Gradually Ivan comes to realize that he is actually going to die, but he can't quite wrap his mind around it. His fear, and the pain his illness brings upon him, make it impossible for him to enjoy work (or bridge, for that matter), and he finds that he can think of nothing but his own impending death. Eventually, he is forced by illness to stay at home and receive special care.
No one else around him – least of all his wife and daughter – seems to understand or care about what he is going through. They all go on with life as usual, and try to pretend his illness is just a passing thing. To Ivan, this seems totally "false," and he starts to hate all of them. Only Gerasim, one of the servants, is willing to acknowledge that Ivan is dying, and shows him genuine compassion. Ivan starts trying to spend as much time with Gerasim as he can.

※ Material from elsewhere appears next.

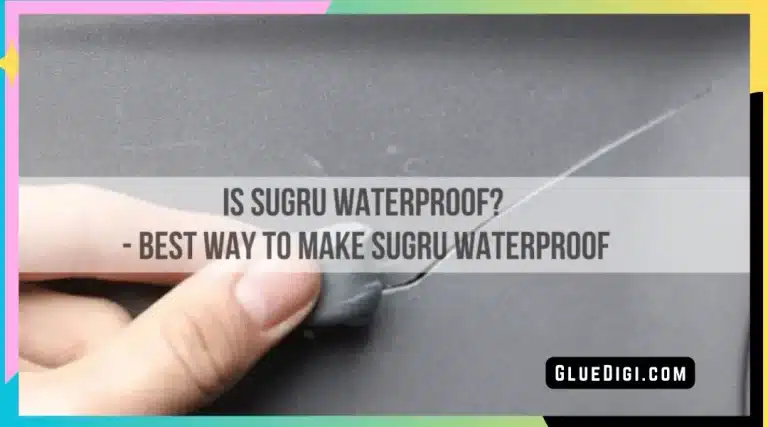 Is Sugru Waterproof ? Best Way to Make Sugru Waterproof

One night, Ivan is particularly tormented. He can't bear to go on living as he is, but is terrified of dying. As he thinks over his life he is also startled to discover that almost no part of it was truly happy, except maybe his childhood. How could life be so senseless and awful? That's when it occurs to him that perhaps he's lived his life the wrong way. But Ivan can't believe that could be true – he thinks he's done everything right – and dismisses the idea.
As several weeks pass and Ivan grows nearer to death, he keeps returning to that thought, and keeps dismissing it. It's too painful to think it could be true. In the meantime, his physical pain grows increasingly worse. The combined mental and bodily agony becomes so horrific that for three days Ivan just screams and thrashes unceasingly.

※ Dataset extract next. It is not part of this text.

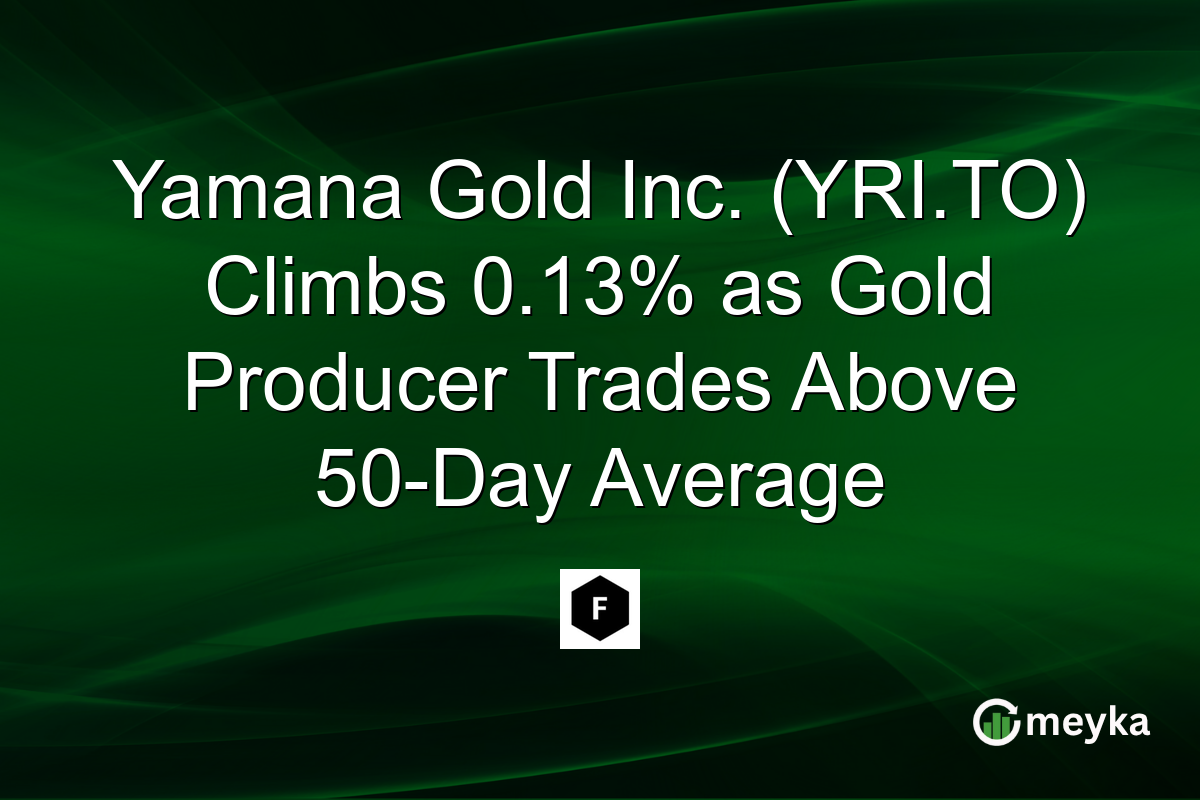 Yamana Gold Inc. (YRI.TO) Climbs 0.13% as Gold Producer Trades Above 50-Day Average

On his very last day of life, Ivan is suddenly sees light all around him. This happens at the same moment when his son Vasya kisses his hand. His screaming and thrashing stop, and he accepts without resistance that his life has been a failure. But he also feels that he can still redeem it. Ivan opens his eyes and finds his family around him. For the first time he feels no hatred, but only sadness that he has made them suffer so much. He realizes that all he can do now to end their suffering, and his own, is to die. Suddenly his fear of death is completely gone. So, with joy, Ivan dies.